Android smartphone by Huawei

The Honor X7 is a budget Android smartphone developed by Honor and was part of Huawei's "X" series. It was announced on March 30, 2022.

On December 16, 2021, alongside the Honor X30 the Honor Play 30 Plus in China was introduced, with different cameras, processor, and a 5G support.

== Specifications ==

=== Design ===
The screen is made of glass and the back panel and sides are made of glossy plastic. The X7's display has a 6.74" 1600 × 720 (20:9) IPS LCD, HD+ with a pixel density of 260 ppi, a display refresh rate of 90 Hz and a teardrop notch for the front camera.

The X7 was sold in 2 color options: Ocean Blue and Titanium Silver.

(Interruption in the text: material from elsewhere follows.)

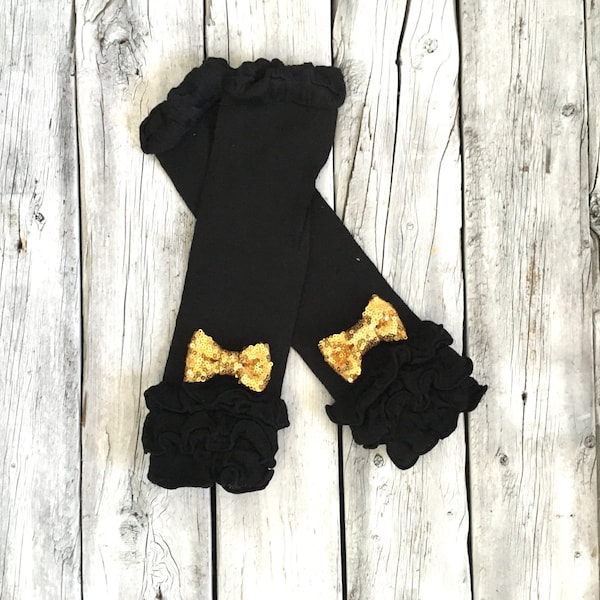 Baby girls black and gold legwarmers, black legwarmers, gold legwarmers, baby girl, newborn girl, toddler girl, legwarmers, solid gold black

In China, the Play 30 Plus is sold in 4 colors: Magic Night Black, Charm Sea Blue, Titanium Silver, and Dawn Gold.

=== Hardware ===
The Honor X7 is equipped with a Qualcomm Snapdragon 680 processor and an Adreno 610 GPU. In China, the Honor Play 30 Plus utilizes a MediaTek Dimensity 700 processor and a Mali -G57 MC2 graphics processor.

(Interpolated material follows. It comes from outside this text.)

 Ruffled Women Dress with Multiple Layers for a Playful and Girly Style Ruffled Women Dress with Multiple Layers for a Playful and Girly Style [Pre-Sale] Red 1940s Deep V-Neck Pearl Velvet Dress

Both phones are equipped with 5000 mAh battery and supports 22.5-watt fast charging.

The Honor X7 received a main quad camera module. The cameras are wide-angle 48 MP at f/1.8 with phase detection autofocus, an ultra-wide-angle 5 MP at f/2.2, a macro 2 MP at f/2.4, and a depth sensor 2 MP at f/2.4. The front camera utilizes an 8 MP at f/2.0 (wide-angle).

Honor Play 30 Plus received a dual main camera module. The cameras are wide-angle 13 MP, at f/1.8 with phase detection autofocus and a 2 MP, f/2.4 (depth sensor). The front camera received a resolution of 5 MP at an aperture of f/2.2 (wide-angle).

Bouth main and front cameras of all models have the ability to record video in 1080p @ 30fps resolution.

The Honor X7 is only sold in 4/128 GB configuration. Honor Play 30 Plus is sold in multiple configurations: 4/126, 6/128 and 8/128 GB.

The expandable memory and SIM card slot may differ on the variant:

- The X7 has a slot for SIM card and a microSD memory expandable up to 512 GB or a hybrid (2 SIM/1 SIM + microSD) slot.
- The Play 30 Plus only has a hybrid slot.

=== Software ===
The Honor X7 was released with Magic UI 4.2, and the Play 30 Plus with Magic UI 5.0. Both are based on Android 11.

The Honor Play 30 Plus is designed exclusively for the Chinese market, so it lacks Google Play services, while the X7 does have them.